Mas a atual gestão do Governo do Paraná ainda pode não entrar nessa cilada a partir de uma alternativa concebida pela sociedade civil. Por meio de uma campanha de crouwdfunding, os movimentos “Turismo Sim, Porto Não” e “Salve a Ilha do Mel” conseguiram levantar fundos junto à sociedade civil. O dinheiro custeou um estudo para embasar um projeto moderno e sustentável que pode beneficiar todos os paranaenses, inclusive e principalmente, os moradores da região.
Uma alternativa que, diferentemente da proposta da Faixa de Infraestrutura, prioriza as pessoas. Ela prevê a construção de mais de 50 quilômetros de ciclovias e ciclo faixas, travessias para pedestres, mirantes turísticos, espaços para valorização e venda de produtos locais, soluções inteligentes para desafogar o trânsito em rodovias hoje sobrecarregadas, como a PR-412, e possibilidades para a valorização do fluxo de turistas na beira-mar, por exemplo.

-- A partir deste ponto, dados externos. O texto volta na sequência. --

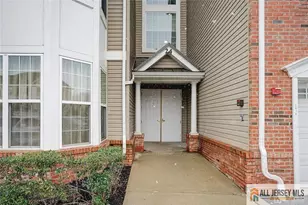 2414 Edward Stec Blvd, Edison, NJ 08837 - Photo 1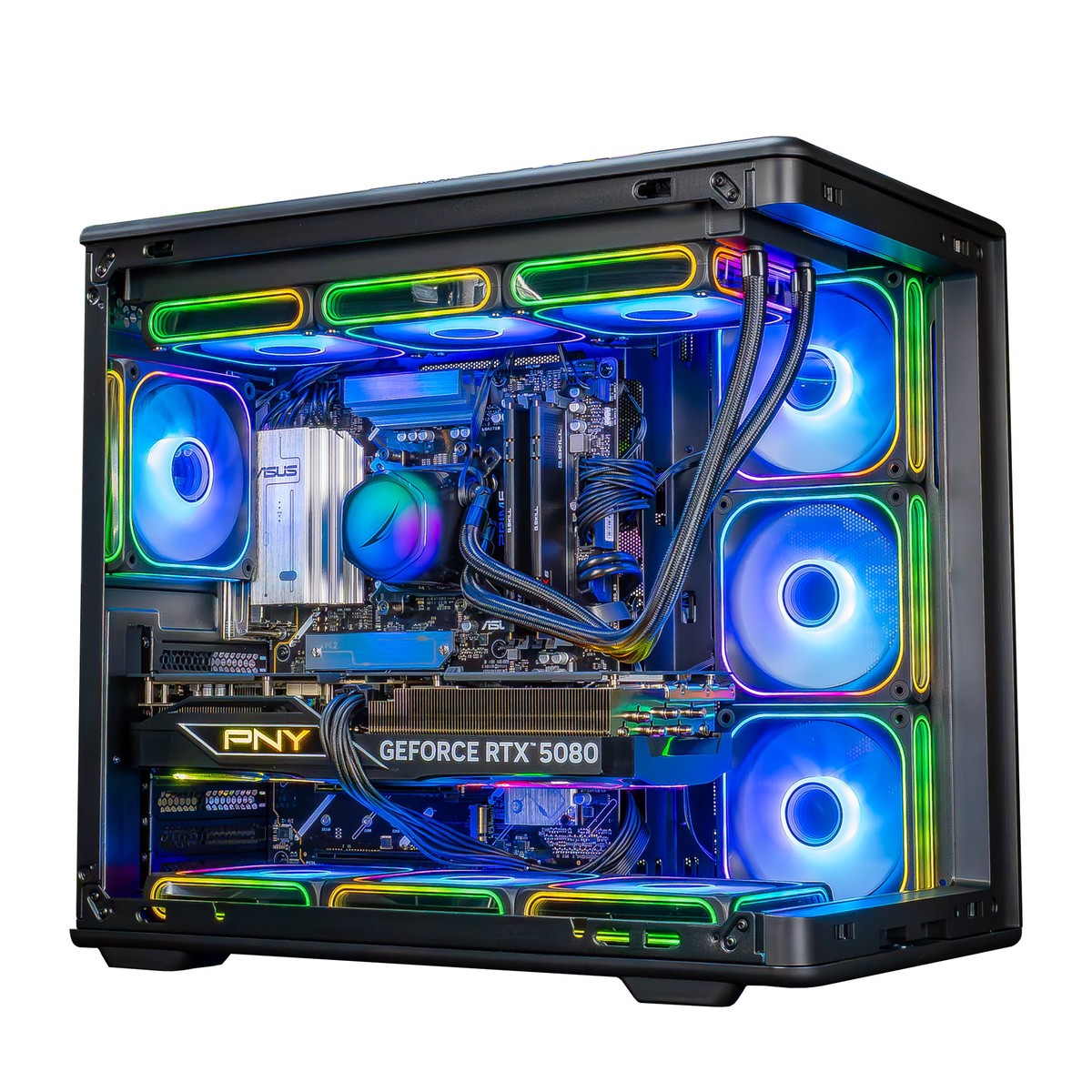 flowup-challenger-rtx-5080-16gb-amd-ryzen-7-9800x3d-32gb-ddr5-ssd-1tb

Espera-se, agora, que o governo mantenha suas promessas de campanha relativas à incrementos em turismo e meio ambiente e zele pela boa gestão dos recursos públicos. Ele tem a oportunidade de entrar para a história como o primeiro a investir com seriedade em turismo na região. Ou de ser lembrado como o que condenou a vocação turística de um dos trechos mais lindos e singulares do litoral brasileiro. Esperamos que Ratinho Júnior faça a escolha certa. Não queremos “chorar pelo óleo derramado” também nas praias ainda bem conservadas do litoral sul do nosso país.
Giem Guimarães é diretor-executivo do Observatório de Justiça e Conservação.